A sendos actores se les nota irresueltos y muy cómodos sobre la escena. Con una gigantesca proyección de la voz tan del agrado de los buenos amantes de la oratoria escénica. La cadencia en la pronunciación se agradece desde el minuto uno. Toda frase es entendible. Lola Herrera evidencia su cátedra. Juanjo Artero se crece a medida que el argumento salta del guiño humorístico al tono de veras dramático. Ambos, soberbios de principio a fin. Animales escénicos que otorgan verosimilitud a sus personajes. Sobre el tapete cuestiones éticas a modo de reflexiones punto menos que emocionales: a saber: a) la sabiduría simpaticona de una mujer de larga vida que se aproxima sin ton ni son al final de sus días, b) la tragedia -la impotencia- que desencadena la pérdida de las condiciones físicas e incluso mentales por ley pendular de la edad, c) la necesidad y el derecho adquirido de los ancianos de poder decidir el advenimiento de la muerte tanto en soledad como en el lugar que más deseen -por lo común el propio hogar en detrimento de una residencia-, d) el valor terapéutico de los buenos recuerdos, e) el diálogo -nunca tardío- para el encuentro de uno mismo a través de otra persona allegada, e) la importancia subrayable de la lucha a la hora de mantener la identidad personal hasta la hora nona de la muerte, f) el irrompible amor tácito entre una madre y un hijo que, mudo siempre, ahora se ha verbalizado a favor de la una y del otro y g) el pacto de sangre que, a partir de una razonable concepción de la libertad, revalida la belleza de la vejez.

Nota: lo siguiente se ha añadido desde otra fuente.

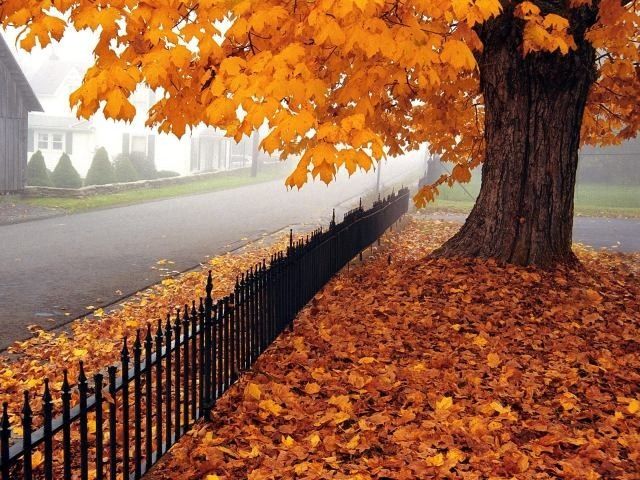 Algunas Características Astronómicas Del Otoño 2015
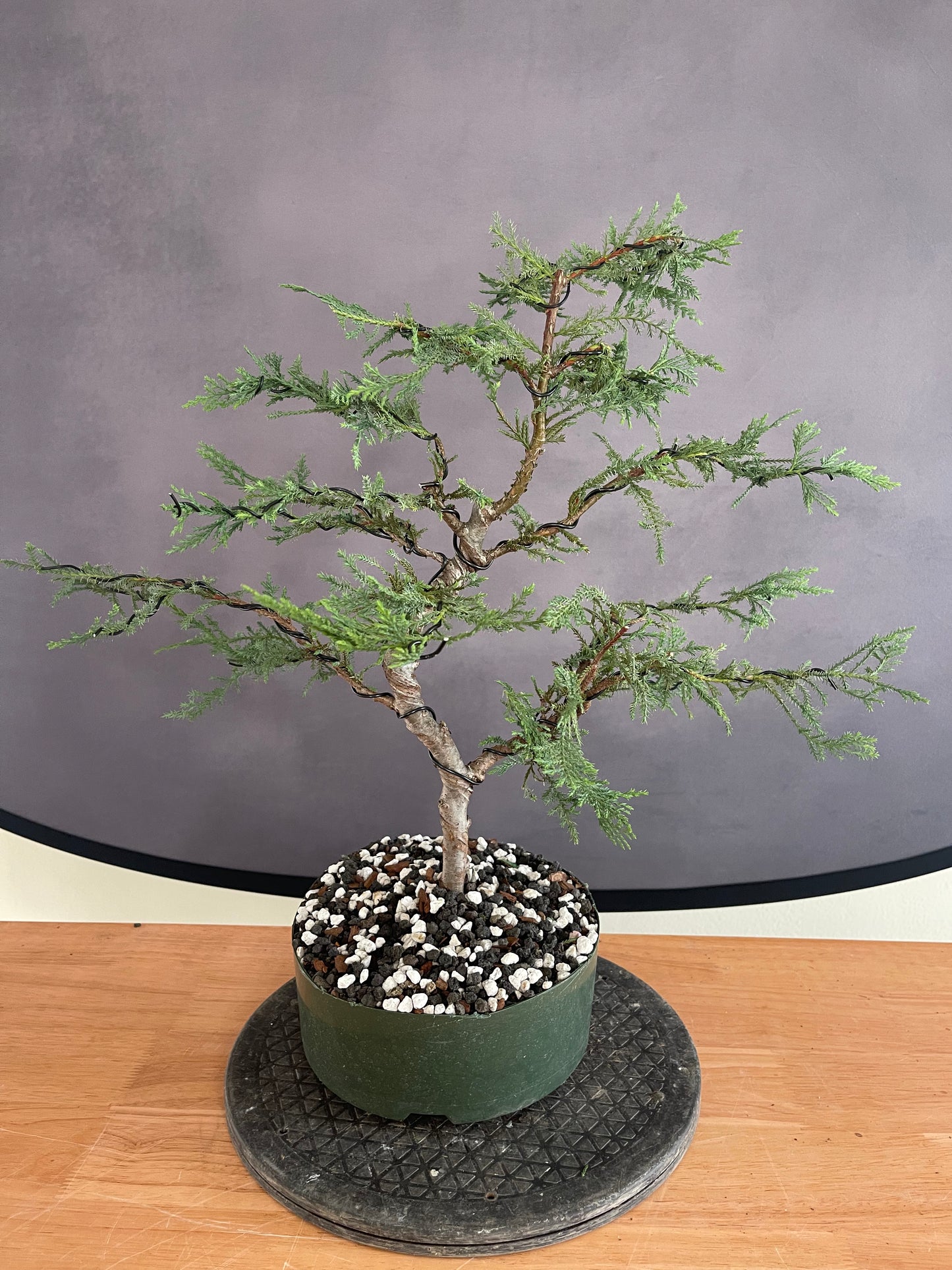 Leyland Cypress (Auction 63)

A veces la vejez asalta de un modo abrupto. Pillando de sorpresa a su presa fácil. Colinda la indignación con la desesperación (no siempre manifiesta). “La velocidad del otoño” derrama lágrimas de privacidad sobre un temperamento tan rudo como desconcertado. Enigmas de una cotidianidad a menudo exasperante. “Él problema eres tú, mamá”, recriminaba Cris a Alejandra. “Estoy envejeciendo: eso es todo”, replicaba la anciana solicitando comprensión. “Estoy envejeciendo y cada día, cada hora, alguien se encarga de recordármelo”. Pero la vejez también es cima. Y es redescubrimiento de una verdad y una beldad serena y vibrante. La del recuento, la del reencuentro, la del reconocimiento, la del agradecimiento. La del deber cumplido. La de la heredad humana al trasluz. La de la sabiduría que sonríe. La del cariño que nos devuelven. La de la confesión in extremis. La de la conciencia que -plena, satisfecha- descansa. “La evolución del hombre: de la niñez a la decrepitud”. Decrepitud es sólo un sustantivo. Lola Herrera así me lo dictó -me lo enseñó- el pasado viernes noche en el Teatro Villamarta.